Do you suffer from mom guilt, even when you spend as much time as possible with your kids? Try out these three tactics so you can be a less stressed, more content mom. 

How to Reduce Your Mom Guilt and Still Love Your Kids. (Photo: White woman and baby sitting on a furry beanbag.)

The last time my husband and I had a date night, my eighteen-month-old (nicknamed Little Bird) roamed his grandparents’ house, looking for us in every room. He called out “Mama. Mama” in this tiny little voice.

Thanks for the stab through the heart, kid.

Mom guilt is so real. Sometimes it’s deserved, sometimes it isn’t, and sometimes it doesn’t matter because your kids love you so much that they’re distraught if you leave for a split second, much less the entire evening. Yet we’re told to “take time for ourselves” and make sure you have “me time.” Good luck being able to minimize the mom guilt and still carry out self-care.

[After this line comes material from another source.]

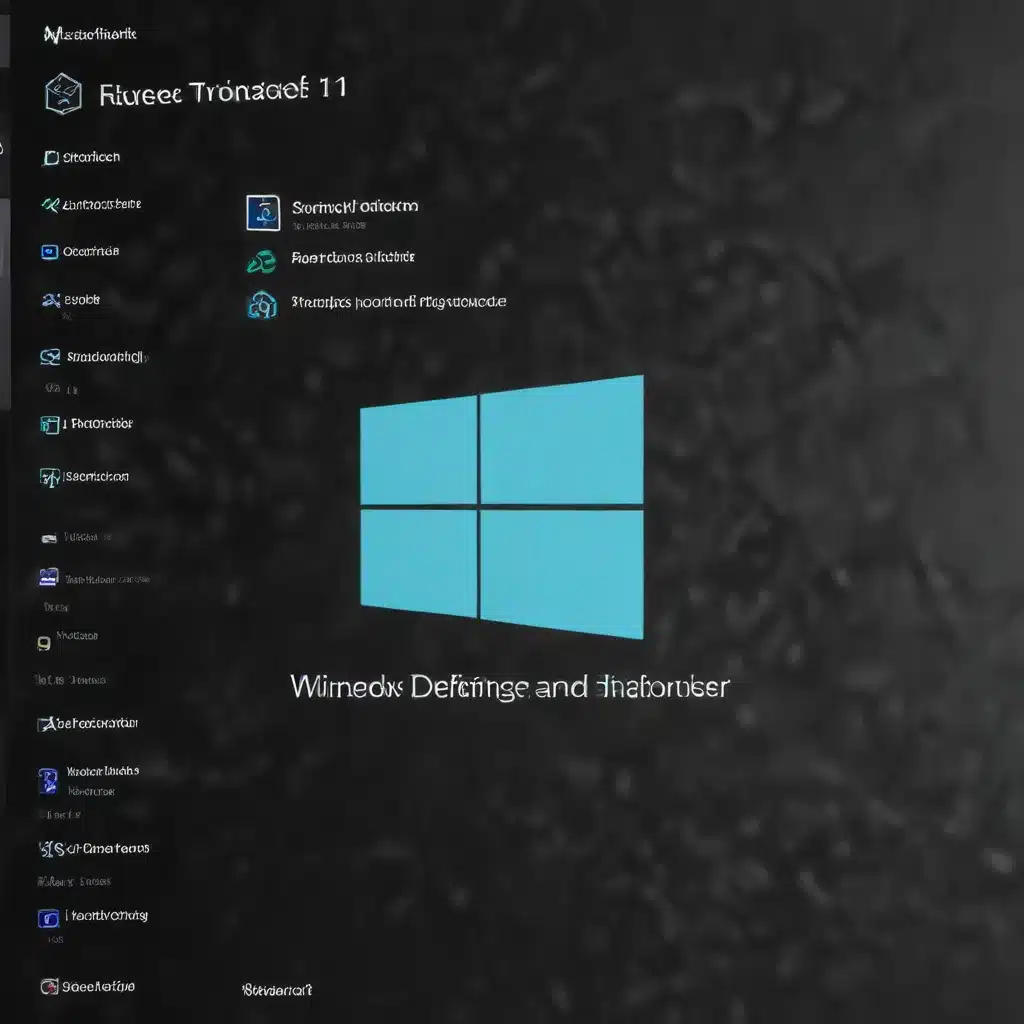 Troubleshooting Windows 11 Windows Defender Antivirus and Real-Time Protection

On top of the self-care piece, mom guilt actually hurts rather than helps our parenting. If we’re constantly paralyzed by feeling inadequate, then we can’t fully appreciate the times we are present.

As the Queen of Guilt – mom and all other types – perhaps it’s ridiculous of me to write this article. But because of my tendency to run right into Guilt City, no stops ahead, I’ve had to deal with it straight-on for the sake of my mental and emotional health. Taking these steps has helped me reduce my anxiety significantly. Hopefully, they’ll help you too.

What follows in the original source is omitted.